The notations \(x_{i}^{(j)}\) and \(y_{i}^{(j)}\) are used for the number of vehicles per the *i*:th *time slot* and at the *location**j*, *j*=1,…,6. The \(x_{i}^{(j)}\) always indicates the number of vehicles that enter the AoI and \(y_{i}^{(j)}\) always refers to exiting vehicles. Since all locations are handled in a similar way, the location index ^{(j)} is sometimes dropped in the notation unless different locations are considered simultaneously. The time of the *i*:th slot is denoted by *t*_{i} with the interpretation that the time stamp represents the end time of the slot. For example, *t*_{i}=16:15 refers to the number of vehicles observed at the given day between 16:00−16:15.

### 4.1 Transformation of the data

At each location *j* we study the transformed data

$$ \left(x_{i}^{(j)},y_{i}^{(j)}\right)\mapsto\left(x_{i}^{(j)}-y_{i}^{(j)},x_{i}^{(j)}+y_{i}^{(j)}\right) $$

(1)

The transformation (1) is bijective

$$\left\{\begin{array}{l} x_{i}+y_{i}=v_{i}\\ x_{i}-y_{i}=z_{i}\\ \end{array}\right. \text{if and only if}\; \left\{\begin{array}{l} x_{i}=(v_{i}+z_{i})/2\\ y_{i}=(v_{i}-z_{i})/2\\ \end{array}\right. $$

so there is no loss of information in this step. The difference *z*_{i}=*x*_{i}−*y*_{i} is called the (traffic) *asymmetry* and the sum *v*_{i}=*x*_{i}+*y*_{i} is called the (traffic) *volume*. Since *x*_{i}≥0 and *y*_{i}≥0 the inequality −*y*_{i}≤*z*_{i}≤*x*_{i} always holds. Due to limited space, in this paper we concentrate on applications of asymmetry but the same methodology framework can be applied to volumes as well. Figure 2 shows a scatter plot example of the transformation (1). The data in Fig. 2 consist of the first 10 000 available pairs \(\left (x_{i}^{(j)},y_{i}^{(j)}\right)\) from location *j*=Tampella.

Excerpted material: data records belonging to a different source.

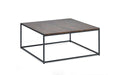 TRI524 Square Coffee Table Walnut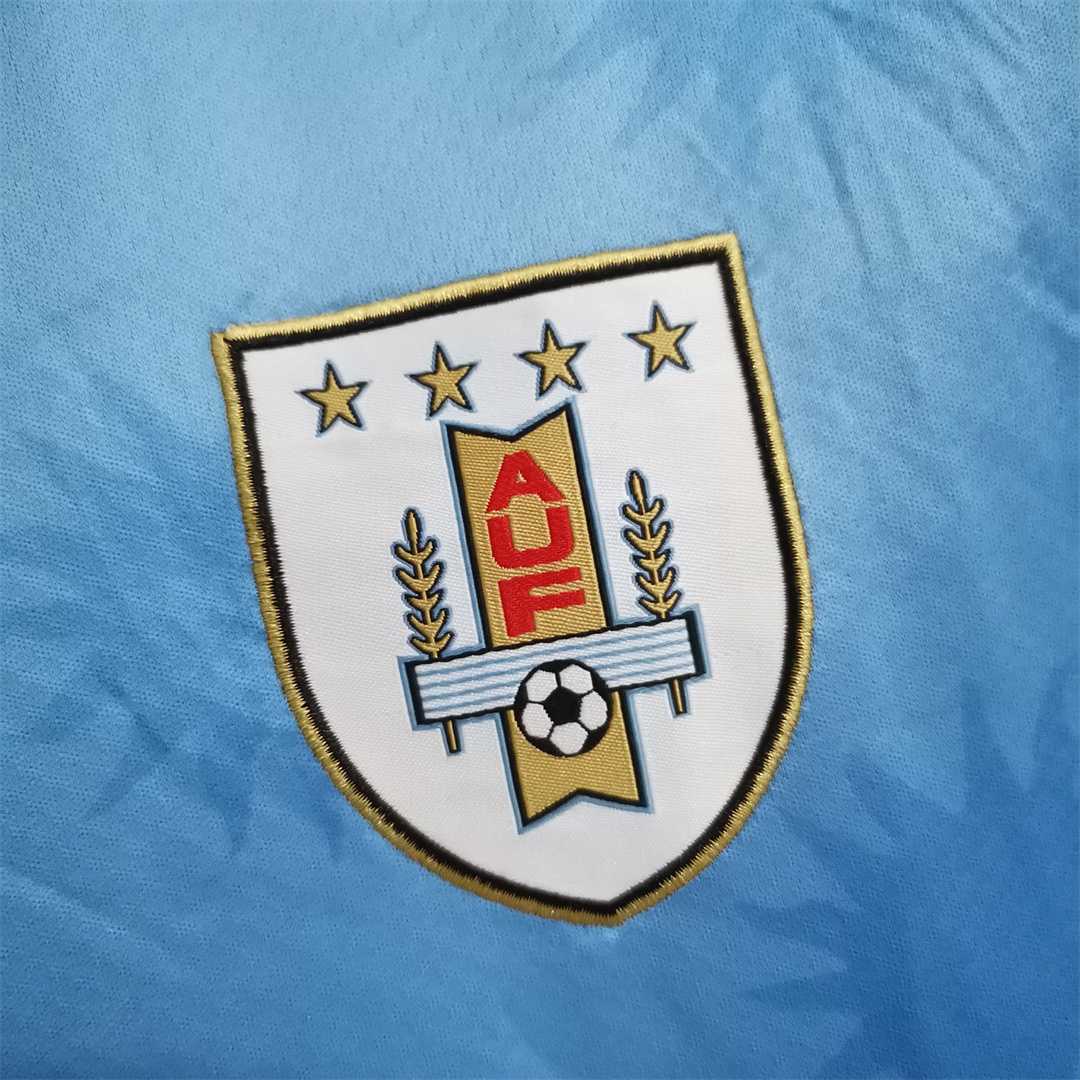Uruguay 2010 Home Retro Football Jersey
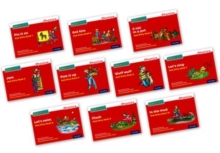 Image for Read Write Inc. Phonics: Red Ditty books (Mixed Pack of 10)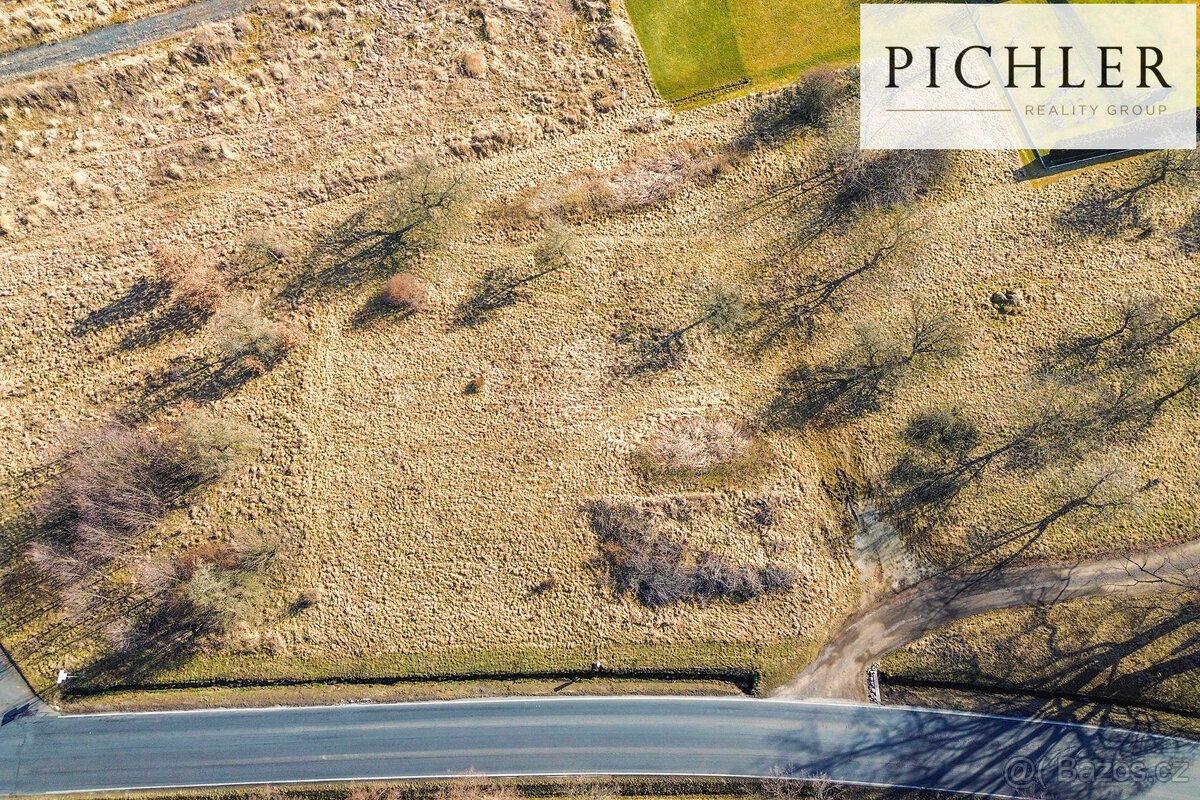 Prodej stavebního pozemku 1134 m2, Mirošov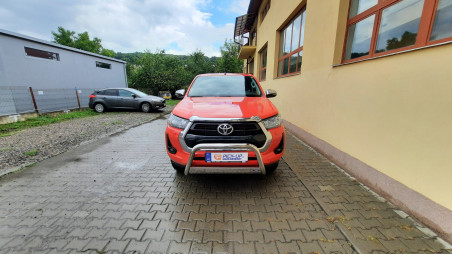 Montare lada utilitara si bullbar pe Toyota Hilux 2021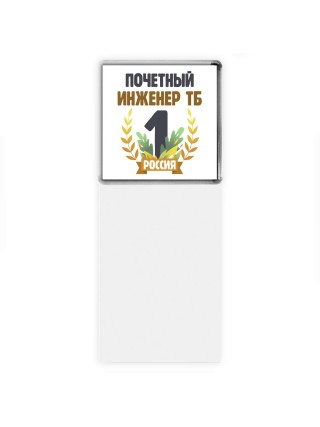 Почетный инженер тб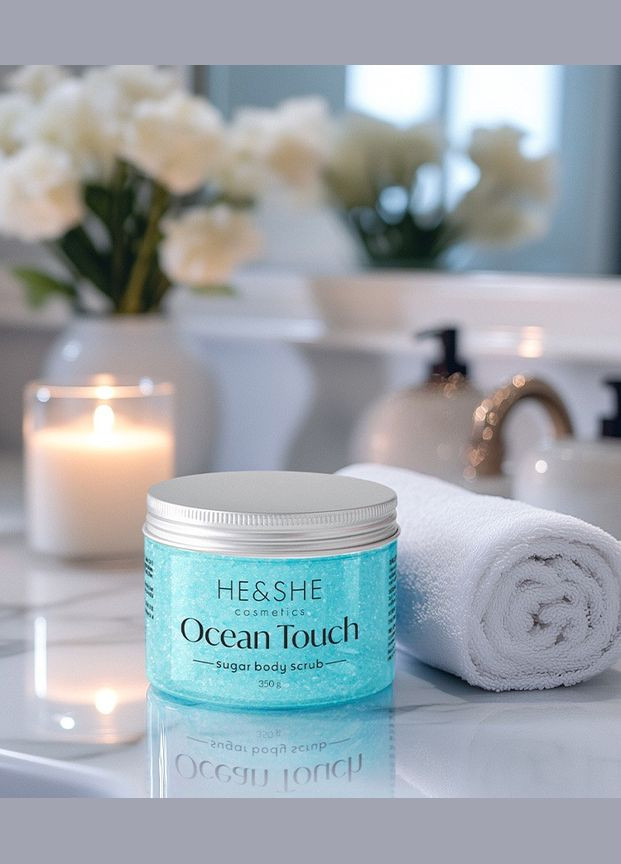 Скраб для тела Ocean Touch Cosmetics 350 г HE&SHE Cosmetics (342401120)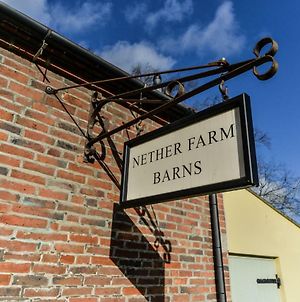 Nether Farm Barns Villa Ashbourne  Exterior photo
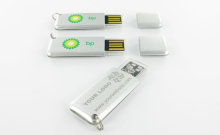 Mini USB Flash Drive with Pull & Push Connector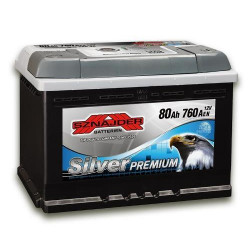 Sznajder Silver Premium SSP58035 12V 80Ah 760A 275x175x190 SSP58035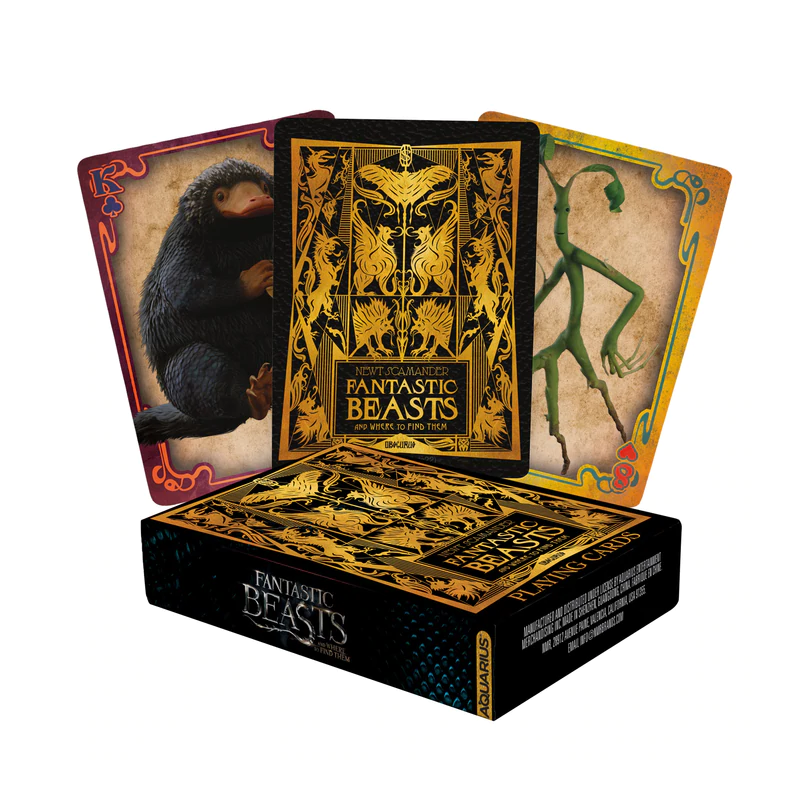 LES ANIMAUX FANTASTIQUES - Jeu de cartesFIGNMR52816_1.png840391157774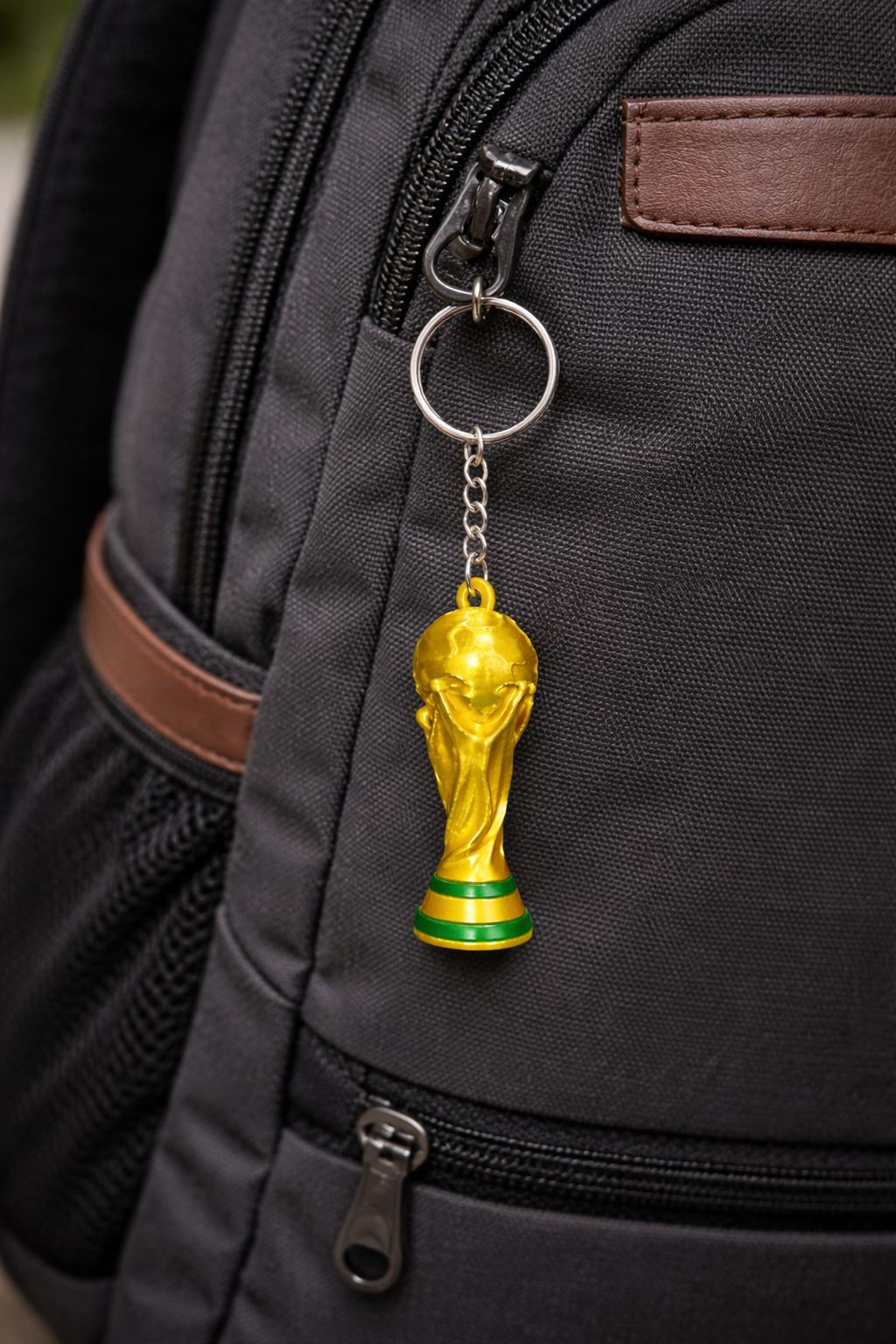 Kit com 10 Chaveiros Taça da Copa do Mundo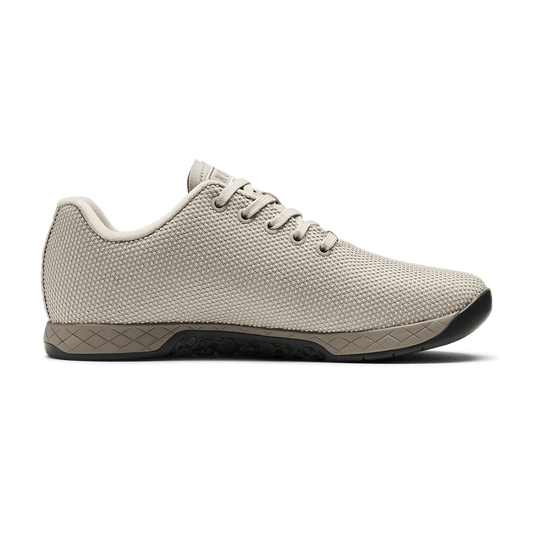 Taupe Fossil Outwork Shoe Medial Angle.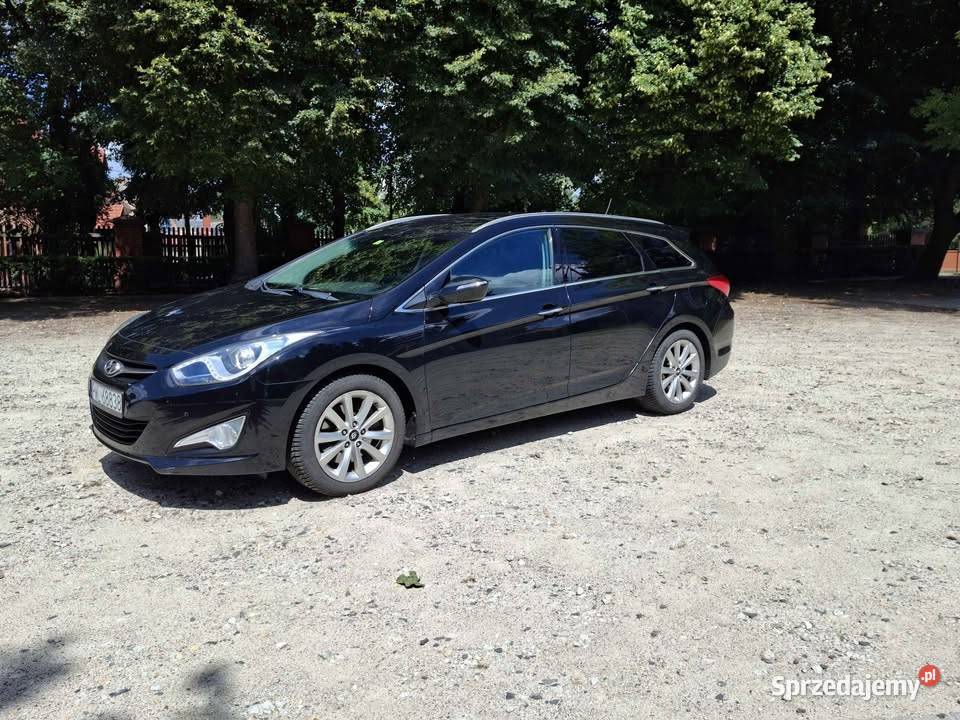 Hyundai i40 2012 gniazdo AUX Przemęt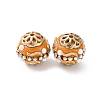 Handmade Resin Indonesia Round Beads IPDL-P005-16KCG-01-1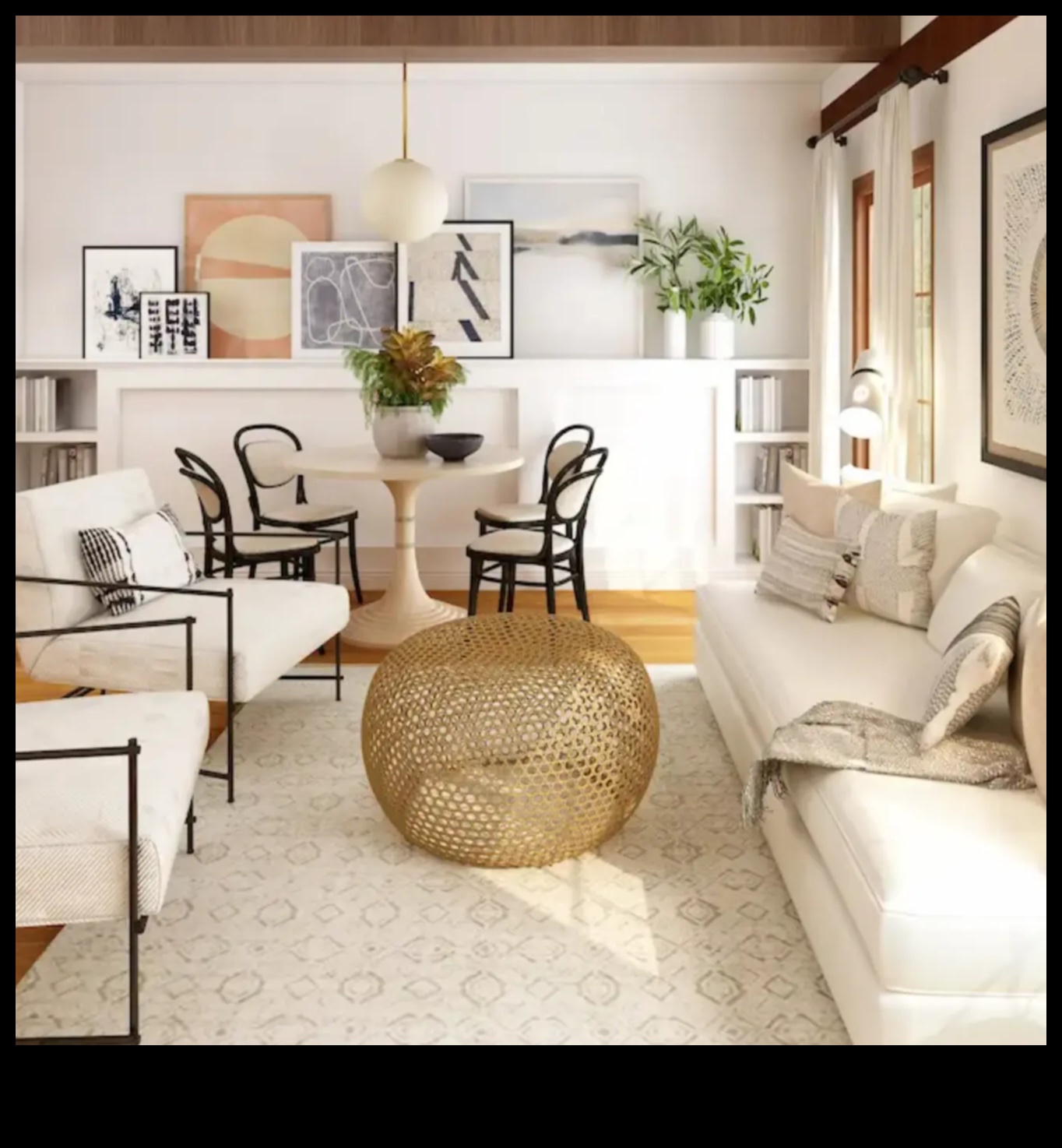 15 רעיונות לעיצוב אופנתי לחללים קטנים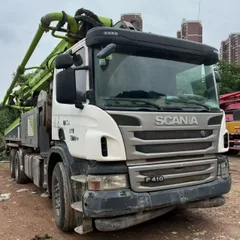 Zoomlion Scania 49-meter pump truck made in 2018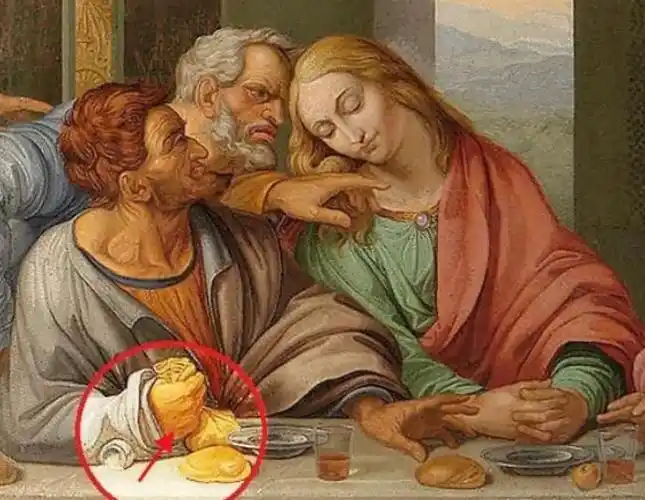 最后的晚餐恐怖之处在哪些多了一只手是怎么回事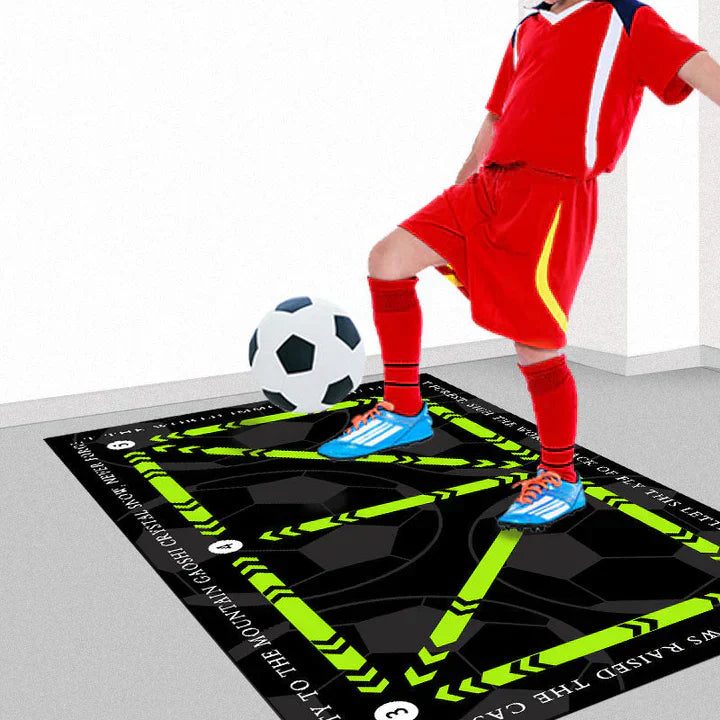 Davy | Football Training Mat for All Skill Levels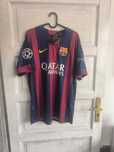 Koszulka Barcelona retro Messi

If \(z_{i}^{(j)}=x_{i}^{(j)}-y_{i}^{(j)}>0\), the number of the vehicles inside the AoI increased during the time slot *t*_{i} at location *j* and, if \(z_{i}^{(j)}<0\), the number of the vehicles inside decreased. Thus, asymmetry is a measure of excess/shortfall at location *j* during the time slot *t*_{i} when the AoI is considered as a reservoir of vehicles. If \(z_{i}^{(j)}\approx 0\) then, no matter how big the volume \(x_{i}^{(j)}+y_{i}^{(j)}\) is, the total of the vehicles inside AoI is not essentially affected by the traffic at *j*. Another justification behind this transformation is explained in Section 4.4. In [18] the asymmetry and the volume transform were utilized with a similar data but in a different problem set-up.

### 4.2 The Normal distribution as a baseline model

The empirical distributions of the asymmetries *z*_{i} (and volumes) are typically unimodal, symmetric, light tailed and well approximated by the normal distribution. This is not a coincidence since the observed asymmetry values *z*_{i} at any location *j* and at any time *t*_{i} can be considered as sums of large number of possibly slightly correlated random variables with bounded small variances. The *Central Limit Theorem (CLT)* dictates that the distributions of *z*_{i} should be approximately normally distributed [19]. Therefore, the normal distribution will be used as *a baseline model* for the asymmetries.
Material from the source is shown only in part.